#### [Task details]
The entries below need to be written out exactly, with no pictures included.

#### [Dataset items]
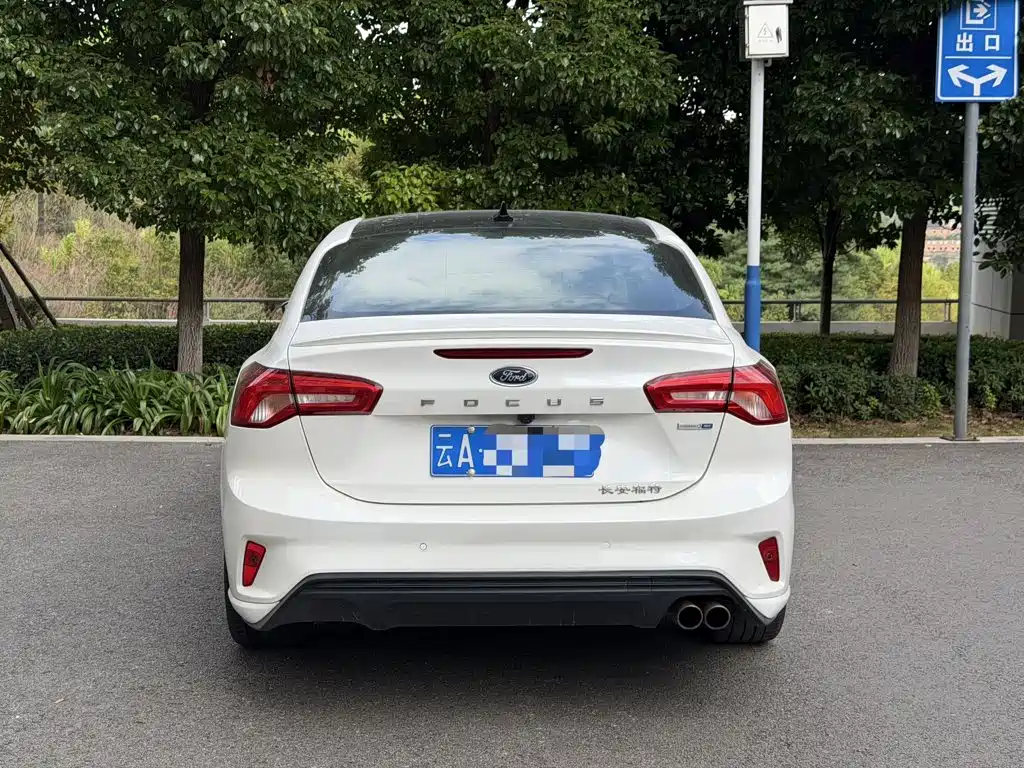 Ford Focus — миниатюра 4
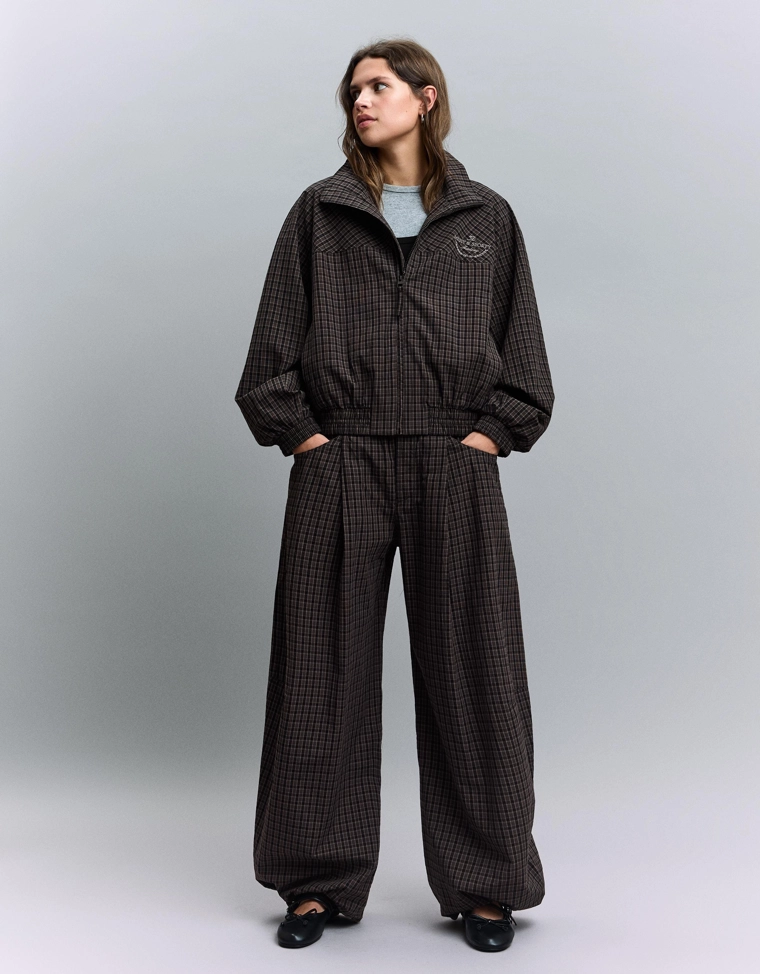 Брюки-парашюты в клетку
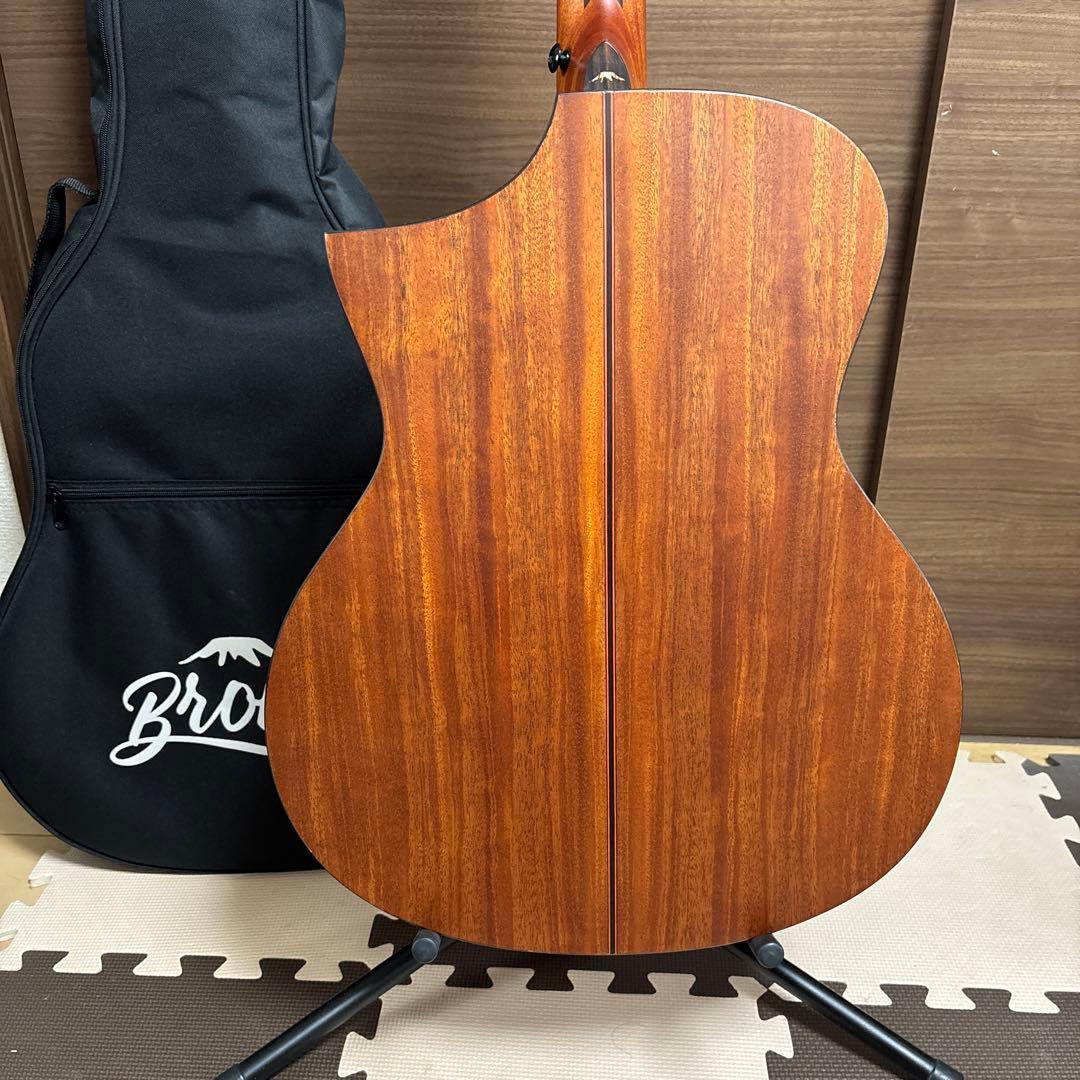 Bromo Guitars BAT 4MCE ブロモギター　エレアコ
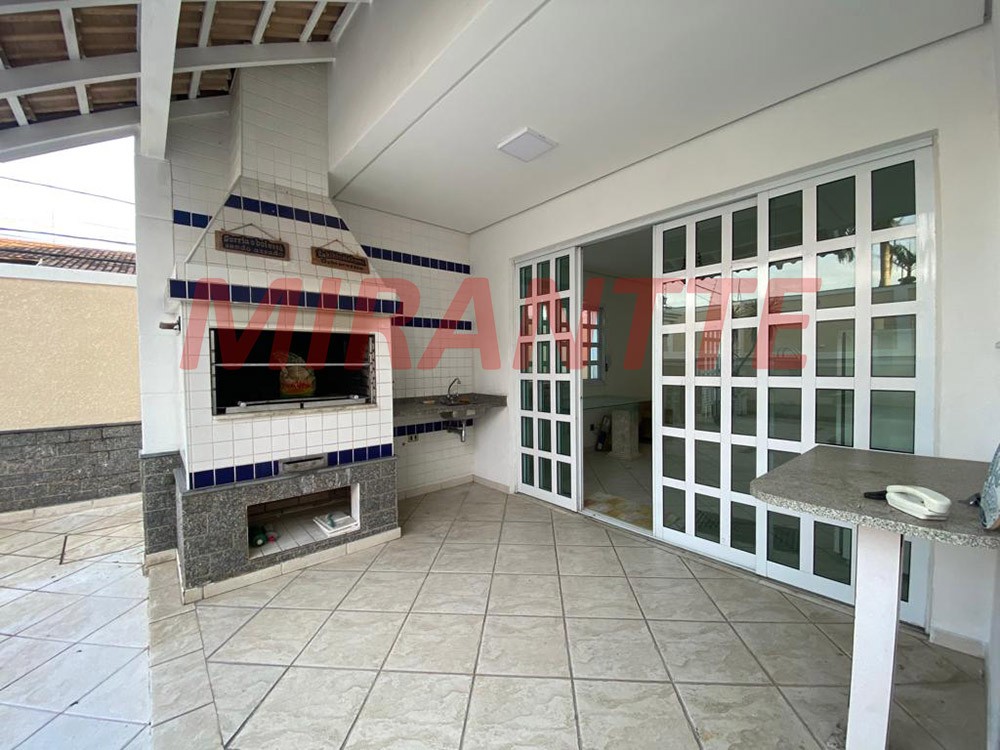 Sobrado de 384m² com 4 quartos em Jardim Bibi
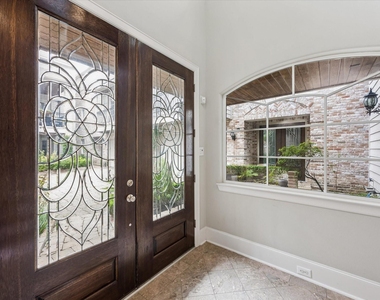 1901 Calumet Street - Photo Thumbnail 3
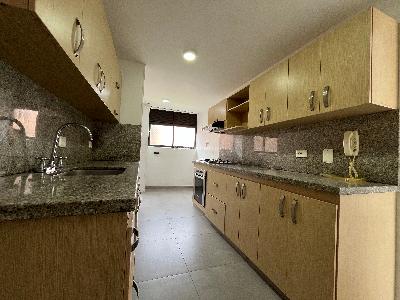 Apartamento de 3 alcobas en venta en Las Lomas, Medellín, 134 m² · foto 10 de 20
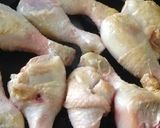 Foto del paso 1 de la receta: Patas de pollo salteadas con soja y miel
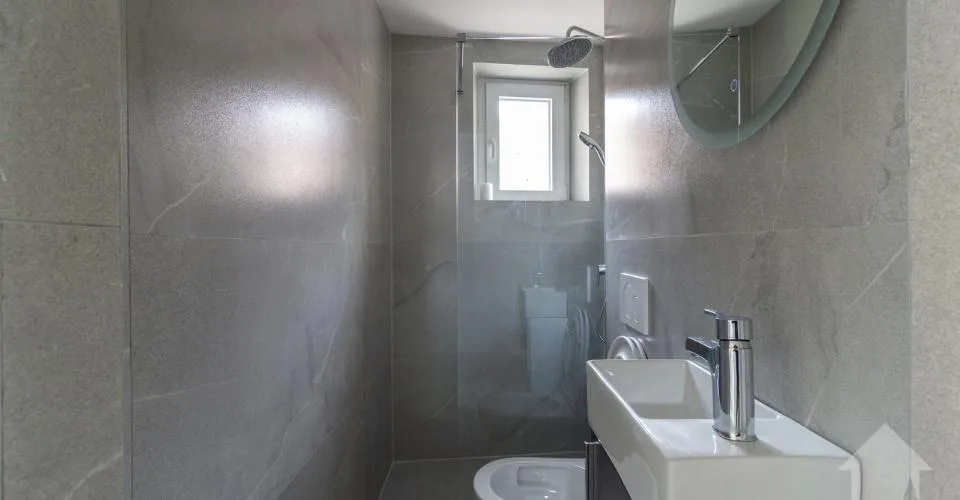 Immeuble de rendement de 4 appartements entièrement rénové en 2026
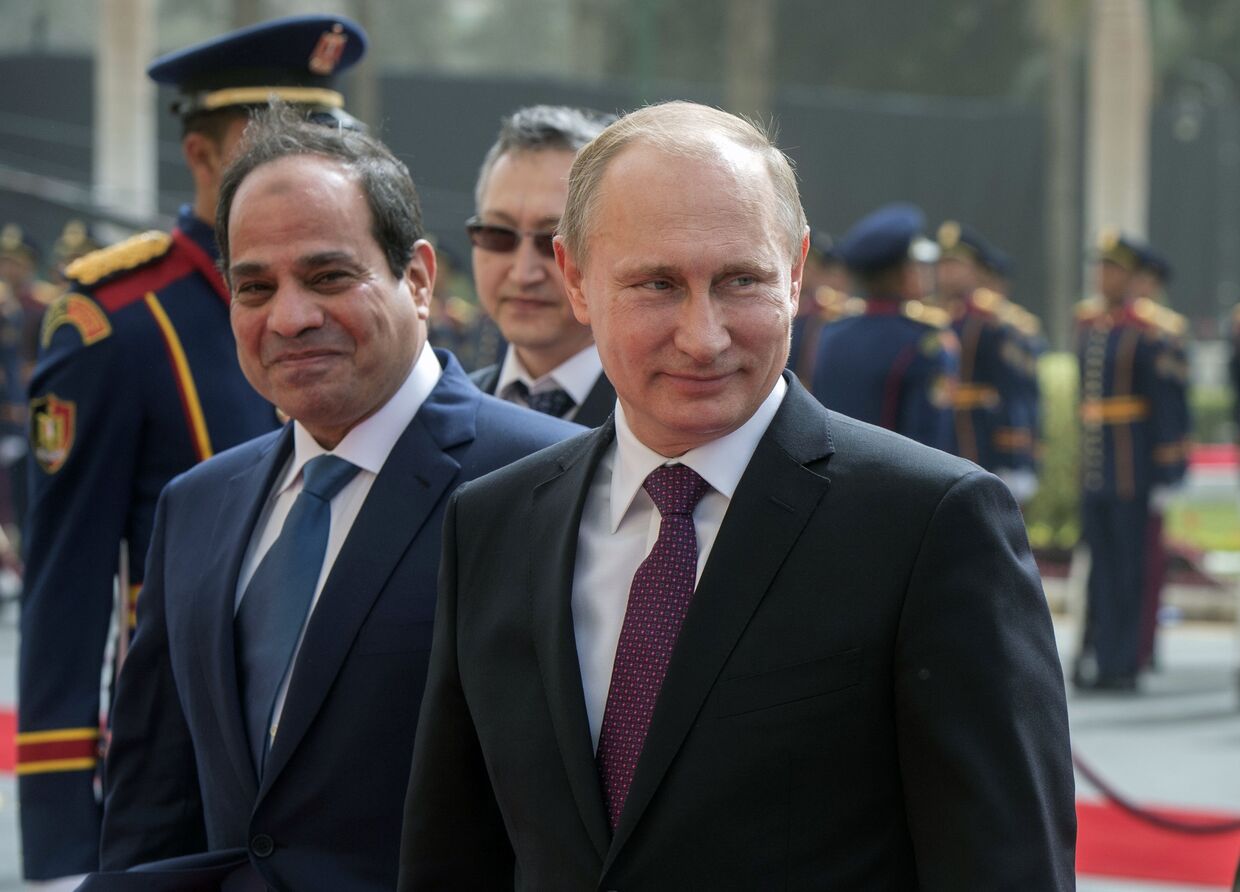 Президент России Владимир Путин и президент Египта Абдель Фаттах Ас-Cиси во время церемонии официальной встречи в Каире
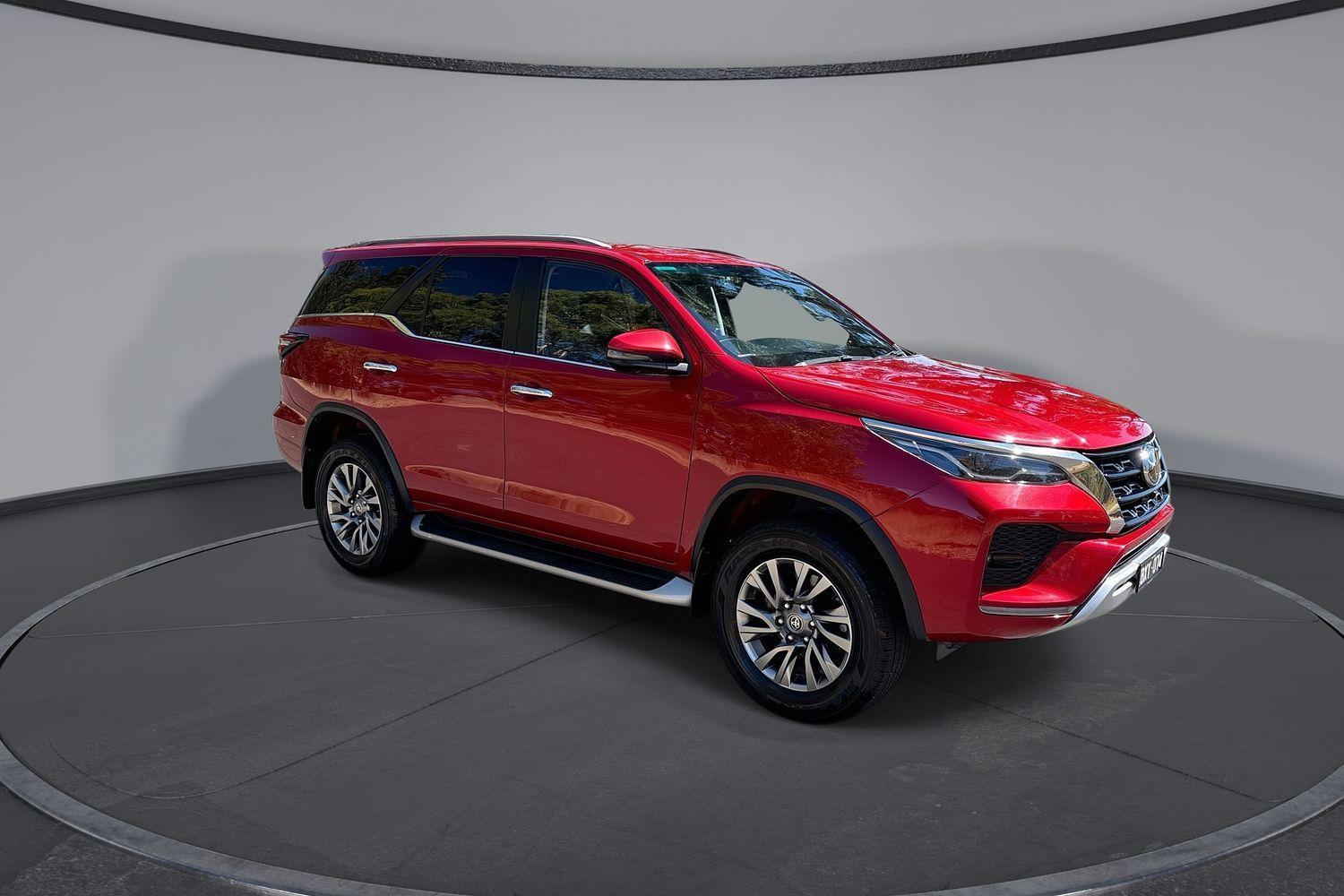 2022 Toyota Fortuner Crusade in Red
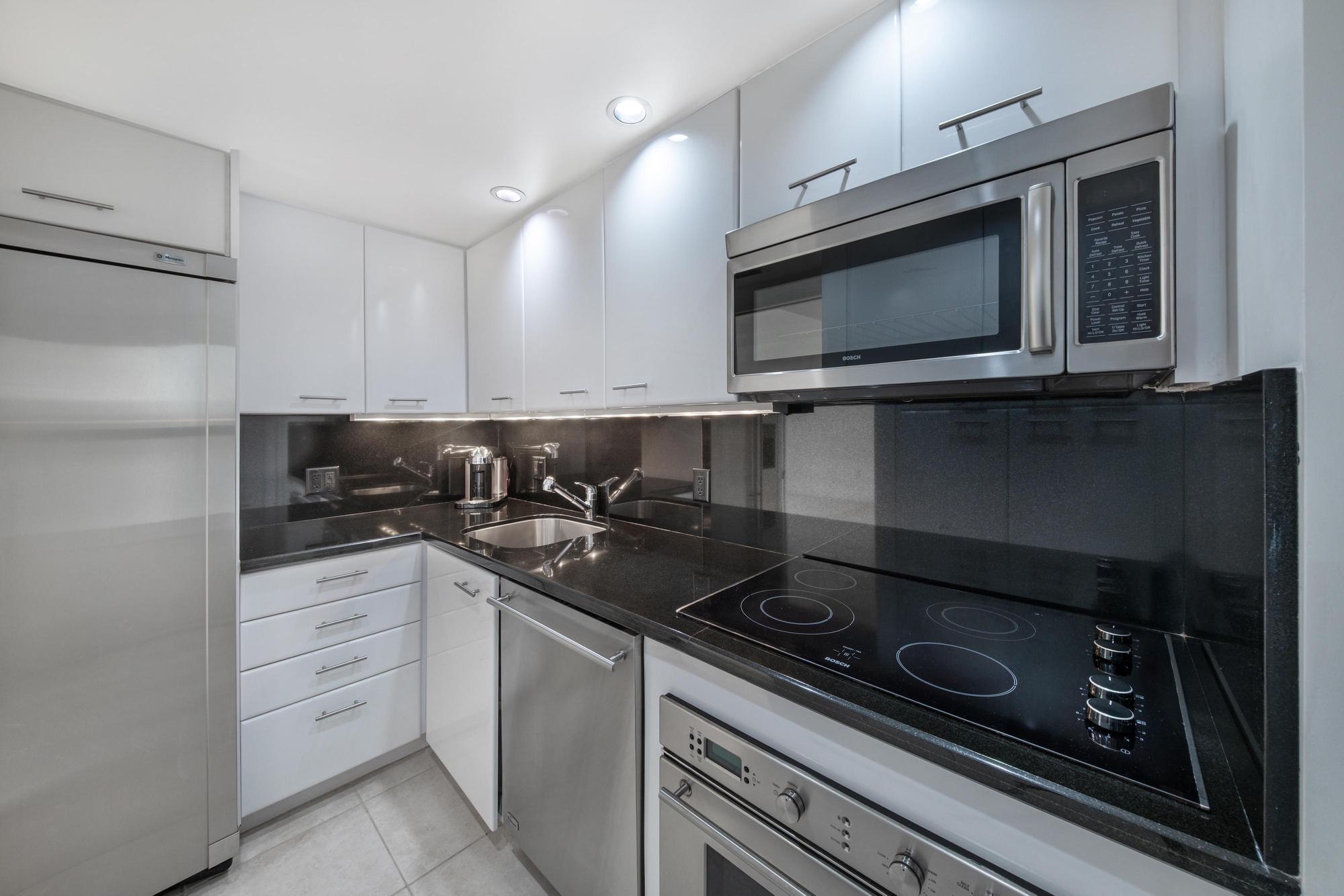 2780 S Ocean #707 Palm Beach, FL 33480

#### [Your response]
 Ford Focus — миниатюра 4
 Брюки-парашюты в клетку
 Bromo Guitars BAT 4MCE ブロモギター　エレアコ
 Sobrado de 384m² com 4 quartos em Jardim Bibi
 1901 Calumet Street - Photo Thumbnail 3
 Apartamento de 3 alcobas en venta en Las Lomas, Medellín, 134 m² · foto 10 de 20
 Foto del paso 1 de la receta: Patas de pollo salteadas con soja y miel
 Immeuble de rendement de 4 appartements entièrement rénové en 2026
 Президент России Владимир Путин и президент Египта Абдель Фаттах Ас-Cиси во время церемонии официальной встречи в Каире
 2022 Toyota Fortuner Crusade in Red
 2780 S Ocean #707 Palm Beach, FL 33480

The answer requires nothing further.